The sale of Santa Fe and Sanelo to French family-owned business MOBILITAS, announced on 6 February, marks the end of a four-and-a-half year journey for Yann Blandy, one of the founding partners of Lazarus Equity Partners, who, with the backing of Proventus Capital Partners – and in partnership with Runar Nilsen – bought the struggling firms in September 2019.
In the relatively short time he has been in the moving industry, Blandy has gained a reputation for his straight-talking, sometimes challenging approach, and use of swearing during conference appearances and in interviews (FIDI Focus has edited this out – which, Blandy jokes, will have people wondering if this interview is authentic).

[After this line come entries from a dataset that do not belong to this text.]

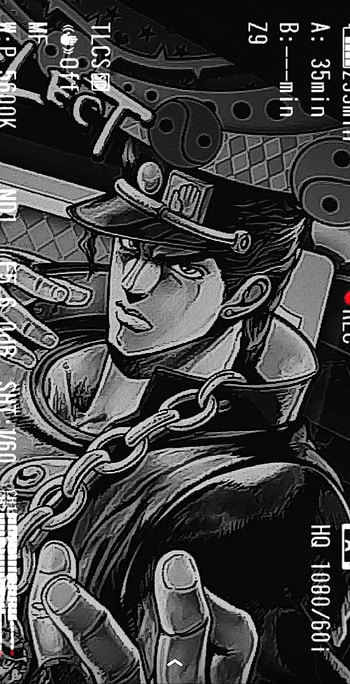 Jotaro, bizzareadv, fictional character, jojo HD phone wallpaper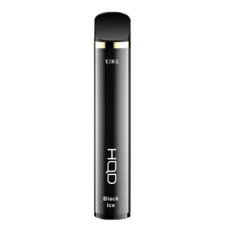 Одноразовый Pod HQD King 2000 Black Ice 5% (Смородина со льдом)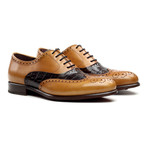 Full Brogue // Cognac + Brown (US: 7)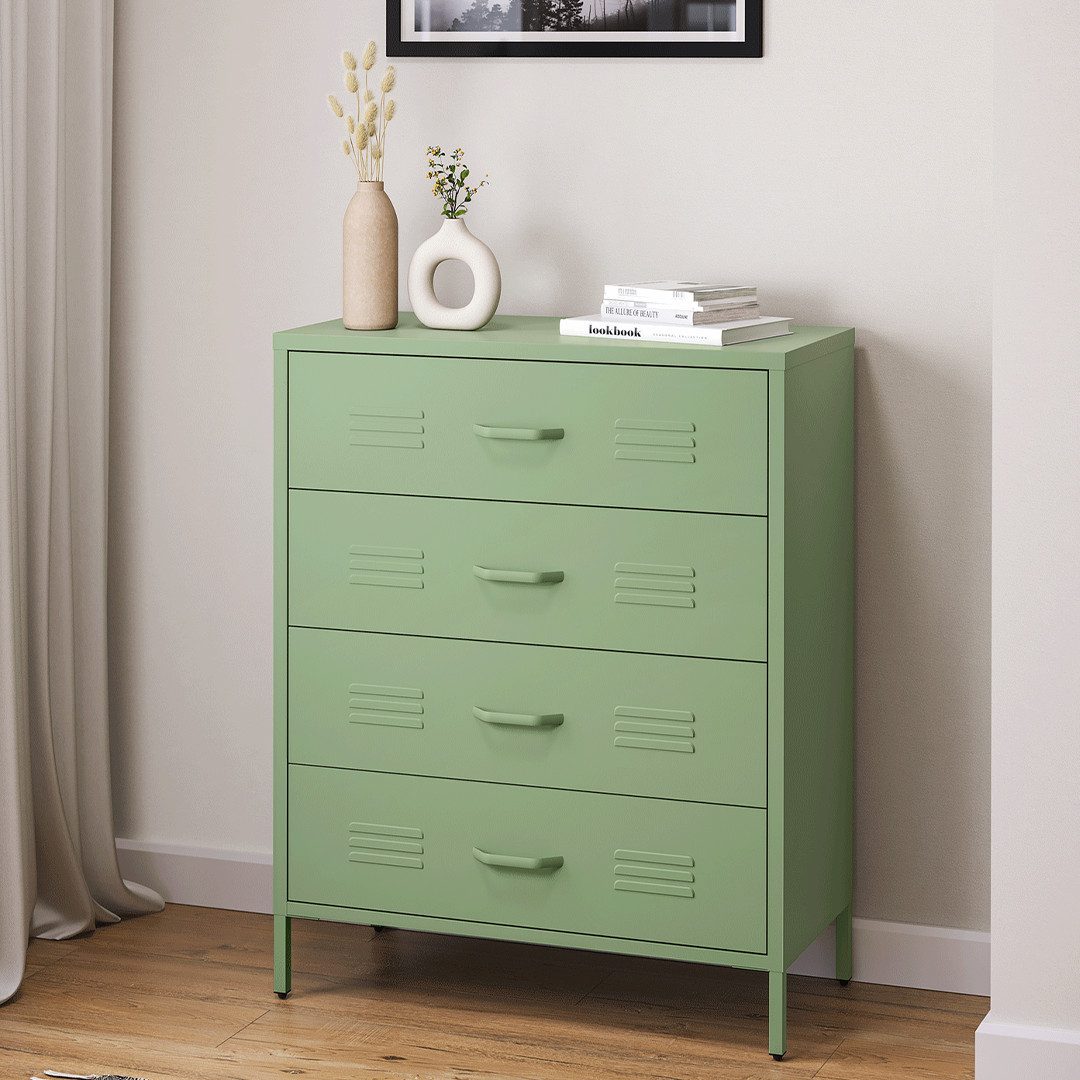 skølm. Highboard Atria (grün, 80x60x38 cm, günstig online kaufen
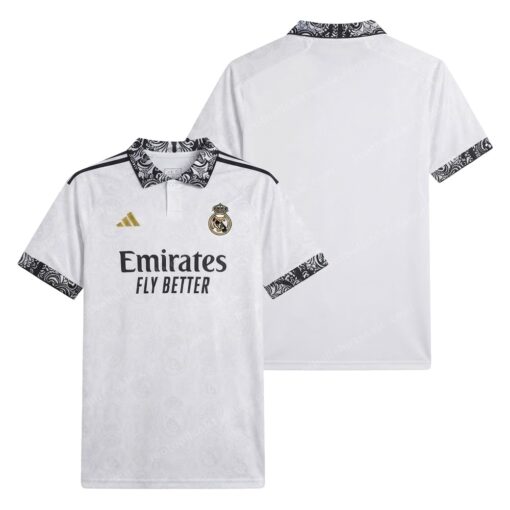 Real Madrid Special Edition Football Shirt 23/24 Front and Back View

For Blandy and his investment team, the moving sector wasn’t a hard target. They had entered Santa Fe a few months earlier as consultants for a bank – ‘one assignment among others’ – with a brief to help work out why the business was failing. The project gave them an understanding of the fundamental changes required to its model and, when the opportunity arose, the confidence to take on the challenge of implementing them.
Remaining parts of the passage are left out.